交通事故の現場で、運転手として最も不安になるのは、怪我人が出てしまった時です。もし怪我人がいなければ「物損事故(ぶそんじこ)」として処理し、車両の修理費だけで済ませたいと考える方も少なくありません。しかし、もし自分自身が怪我人であり、あるいは同乗者が怪我をしている場合、「人身事故(じんしんじこ)」として処理することは、被害者にとって非常に重要な権利です。

弁護士として、交通事故を「人身事故」にするメリット、申請の方法、そして注意すべきリスクについて詳しく解説します。

交通事故を人身事故にしたい!保険請求のポイントと注意点を弁護士が解説

「物損事故」と「人身事故」の決定的な違い

交通事故の処理において最も重要な区別は、警察が事故をどのように分類するかです。

  • 物損事故: 車両や建物などの財産に損害が生じたのみで、人が怪我をしていない事故です,相手方の保険会社からは「慰謝料」が支払われません,補償されるのは、相手方の車の修理費用と、自分の車の修理費用のみです。
  • 人身事故: 人が怪我をした、あるいは死亡した事故です。これには、警察の現場での分類も含まれます,人身事故として処理された場合、以下の3つの大きなメリットがあります。

人身事故にする最大のメリット:保険請求の拡大

人身事故にすることで適用されるのが、日本の交通事故で必ず加入している「自賠責保険(じばせんほけん)」です。これが人身事故と物損事故の最大の違いです。

  1. 医療費の補償: 自賠責保険は、怪我による入院や通院の費用を補償します,物損事故では医療費は個人で負担することになりますが、人身事故であれば、事故から起因する怪我であれば、基本的に100%補償されます(ただし、1人あたりの上限額があります)。
  2. 慰謝料(弔慰料)の請求: 人身事故の場合、相手方の保険会社と「示談」を行い、慰謝料という名目で金銭補償を受けることができます。

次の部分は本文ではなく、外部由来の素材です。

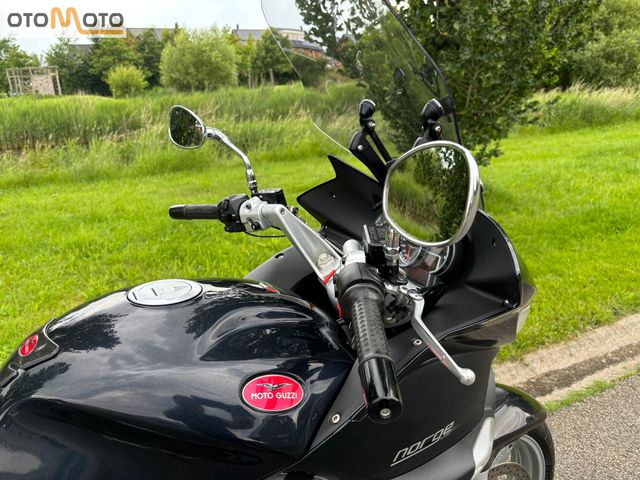 moto-guzzi - norge-1200-gt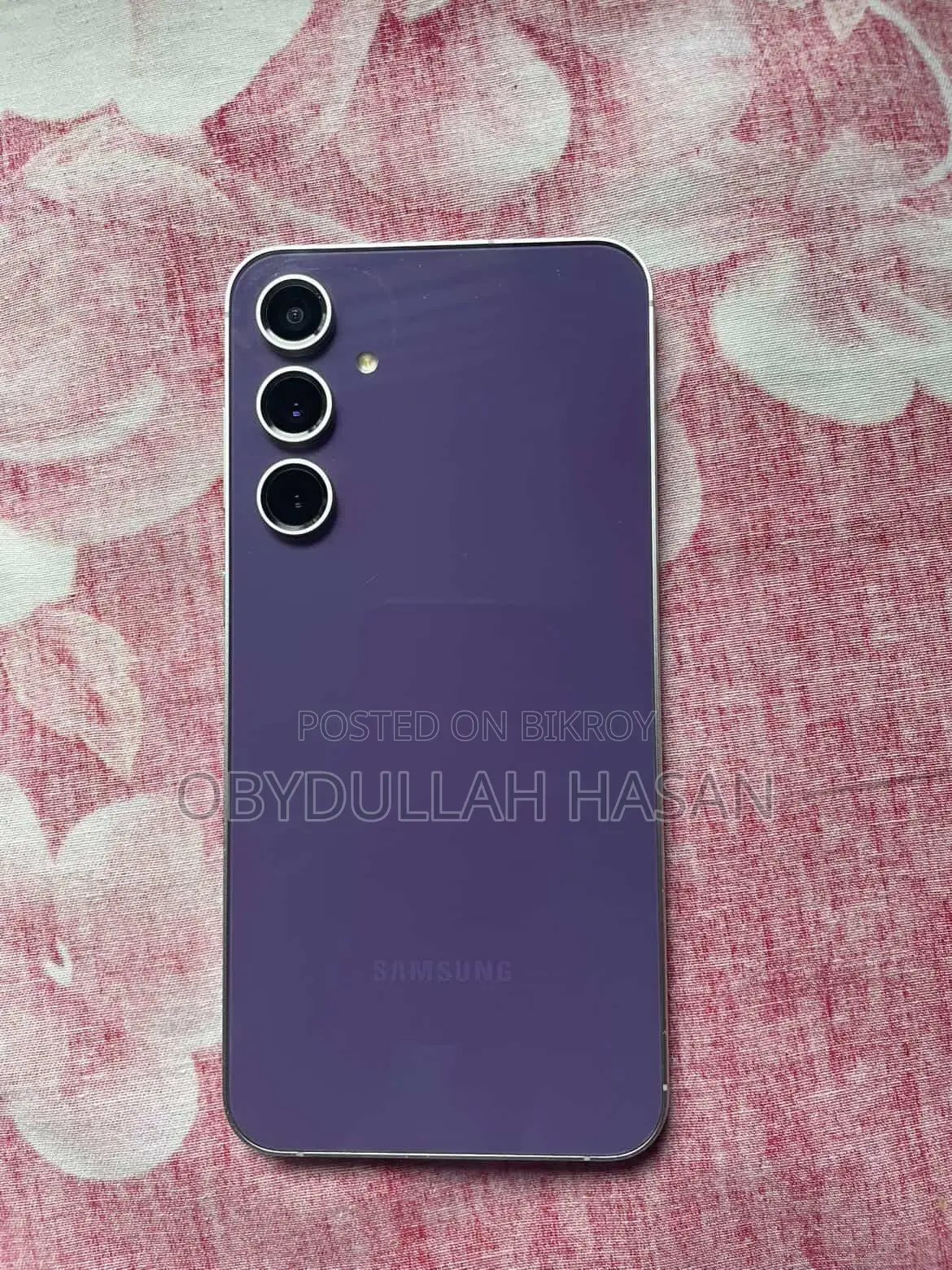 Samsung Galaxy S23 FE , (Used)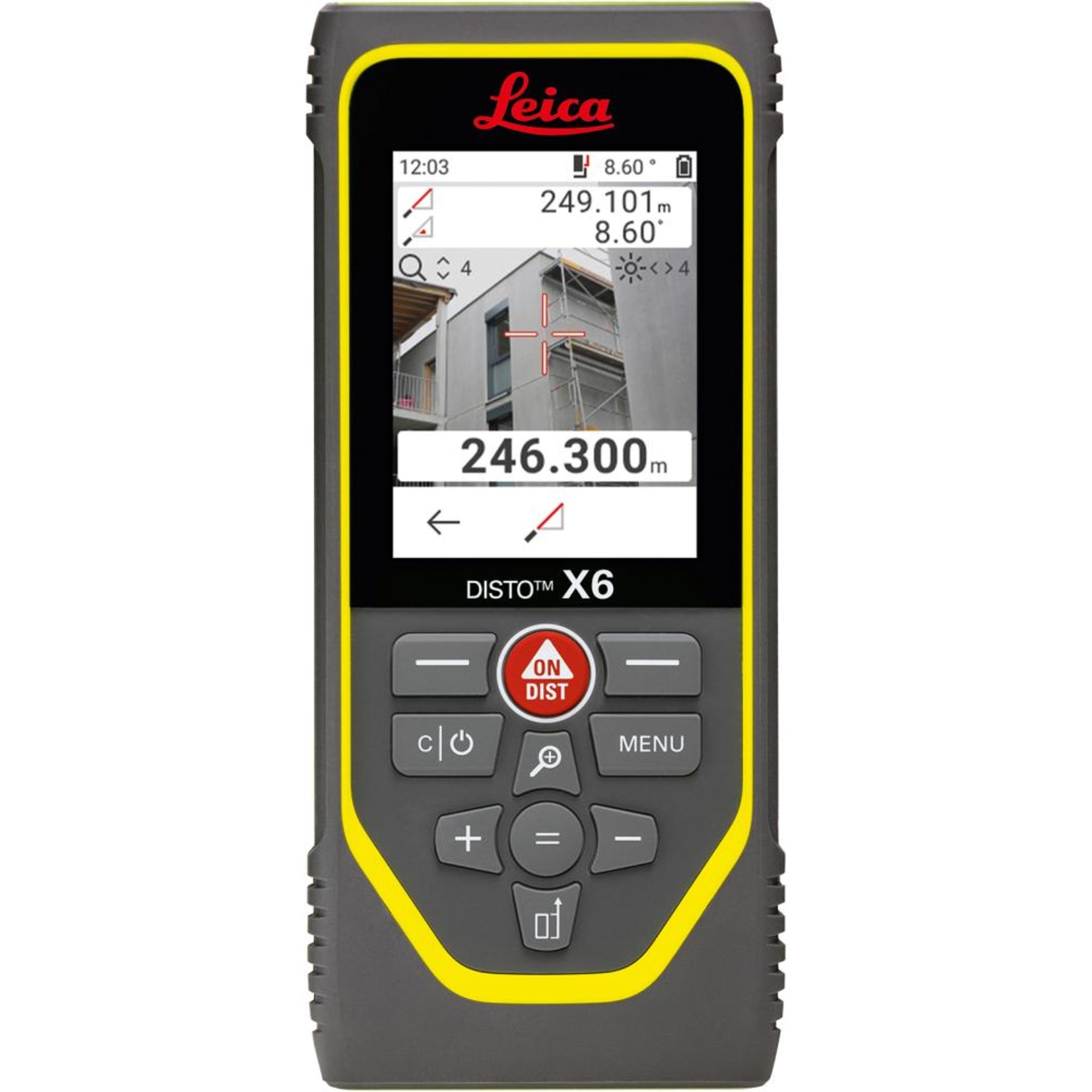 Handlasermeter DISTO" X6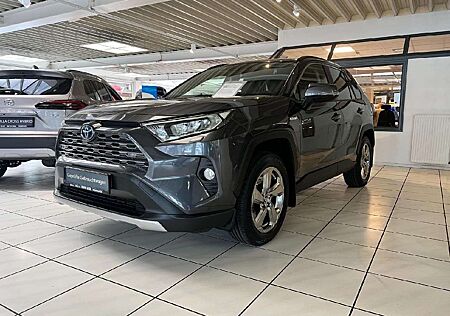 Toyota RAV 4 4 Hybrid 4x2 Club + Technikpalet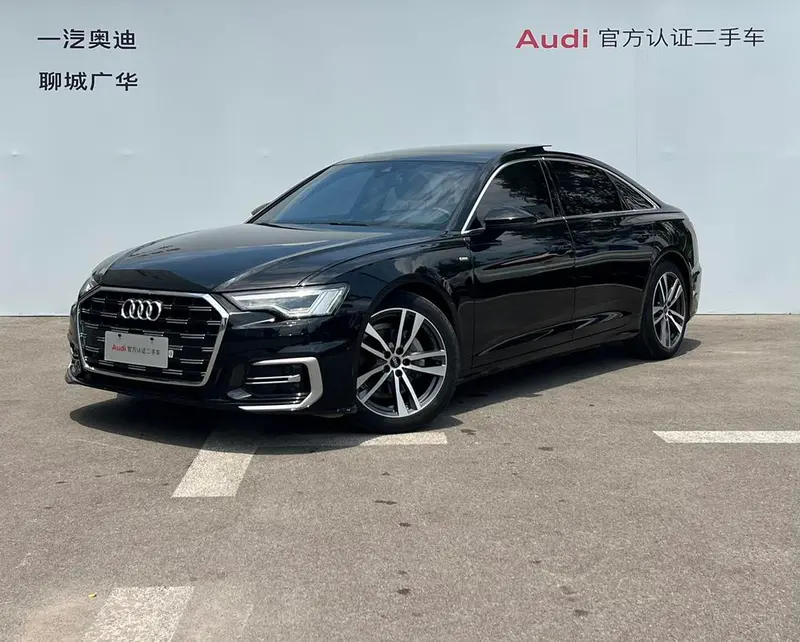 Audi A6L 40 TFSI Luxury Version, 2024 — фото 1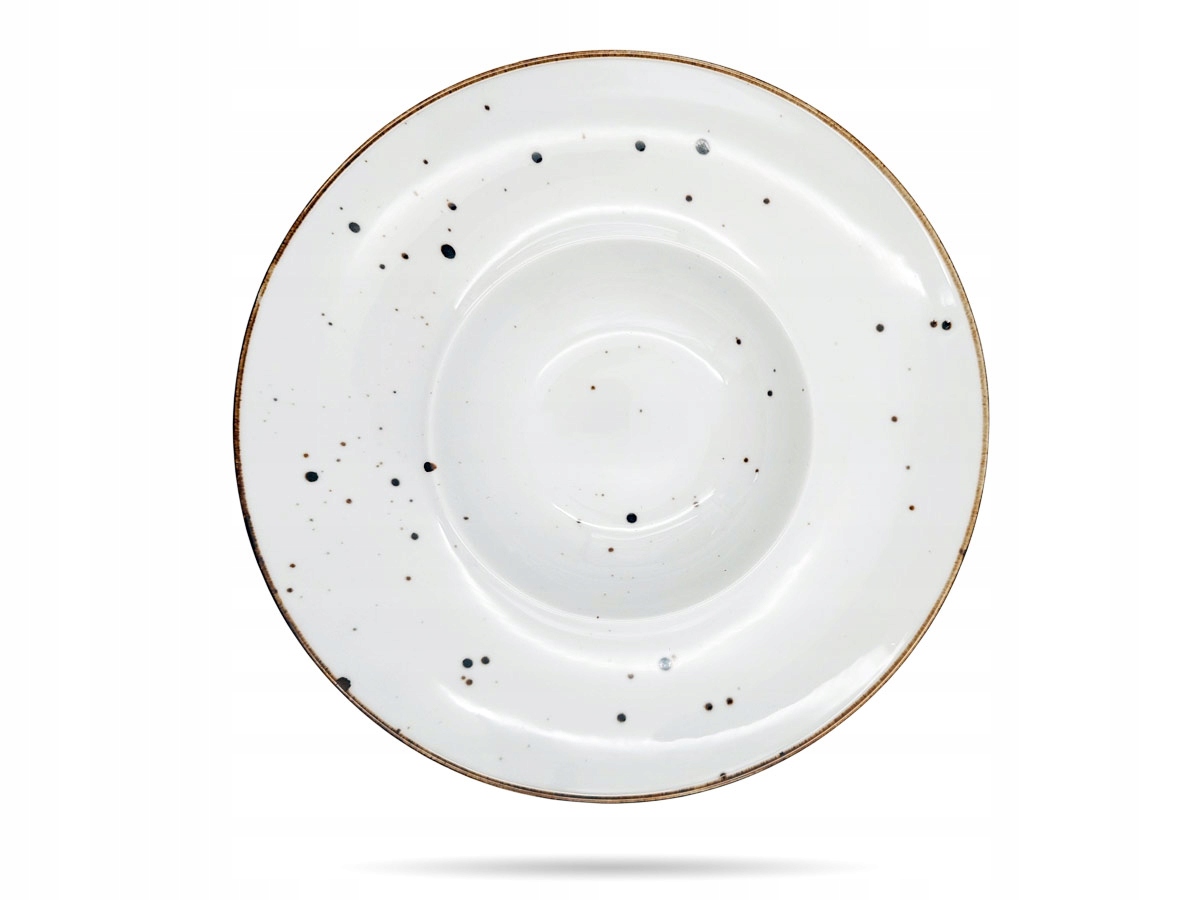 Talerz do pasty 28 cm Cottage White BOGUCICE Marka Bogucice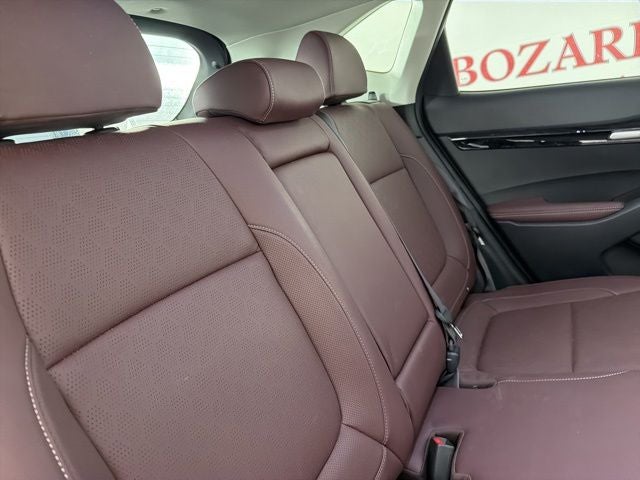 2023 Kia Seltos SX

これは車の修理費とは別に支払われるため、被害者の経済的負担を大幅に軽減します。
  3. 休業損害の補償: 怪我により仕事を休まなければならなかった場合、その期間の収入減を補償する「休業損害」を請求することもできます。

交通事故を人身事故にするための手順

もし現場で怪我をしている場合、警察に「怪我をしています」と伝えれば、自動的に人身事故として処理されます。しかし、もし現場では「大丈夫」と言ったものの、翌日になって激痛が走り、人身事故に切り替えたいというケースは珍しくありません。

この場合、以下の手順を踏む必要があります。

  1. 警察への再報告: 最初に「物損事故」として処理された場合でも、後で怪我が判明した場合は、警察へ再報告し、事故の種類を「人身事故」に変更してもらう必要があります。これは非常に重要な手続きです。
  2. 事故報告書の修正: 警察が作成する「事故報告書」の「人身事故の有無」の欄を変更し、怪我の状況を具体的に記載します。
  3. 医療機関への受診: 人身事故として処理するためには、怪我の証拠が必要です,医師に「交通事故による怪我である」ことを伝え、診断書や治療記録を残すことが必須です。

注意点:嘘の申告は犯罪になる

弁護士として最も警告したいのは、「実際に怪我をしていないのに、人身事故にしたい」と嘘をついてはいけないという点です。

  • 保険詐欺の罪: 人身事故にするためだけに、脇の痛みを装ったり、痛みを隠していたりする行為は、法律上「保険詐欺罪」に問われる可能性があります。これには刑事罰(懲役刑)が科される恐れがあります。
  • 示談交渉のトラブル: 事故後に痛みが現れた場合は、嘘ではありませんので、真実を伝えて人身事故に切り替えることは可能です。しかし、事故直後に「痛みがない」と言って現場を離れたにもかかわらず、後で大きな怪我が発覚した場合、相手方の保険会社は「過失割合」を厳しく審査し、示談金の減額を要求してくる可能性があります。

弁護士への相談を検討すべきケース

もし「怪我をしているが、自分で示談交渉するのは不安だ」「人身事故にするための書類作成に自信がない」と感じる場合は、迷わず弁護士に相談してください。

弁護士であれば、警察への再報告手続きや、事故報告書の作成アドバイス、そして相手方保険会社との交渉において、被害者の権利を最大限に守るために「人身事故」の認定と保険請求をサポートしてくれます,特に、後遺症が残るような怪我の場合は、専門的な知識がないと本来受け取れるはずの慰謝料や逸失利益を得られないリスクがあります。

結論

交通事故を「人身事故」にすることは、被害者にとって自分の権利を守るための最も重要なステップの一つです,自賠責保険による医療費の補償や、慰謝料の請求を確実に受け取るためには、正しい手続きと事実関係の把握が不可欠です。

もし怪我をしたと感じたら、まずは無理をして現場を離れず、警察に正確に報告することから始めてください,怪我の状況に応じて、適切に人身事故として処理を行い、適切な補償を得るよう心がけてください。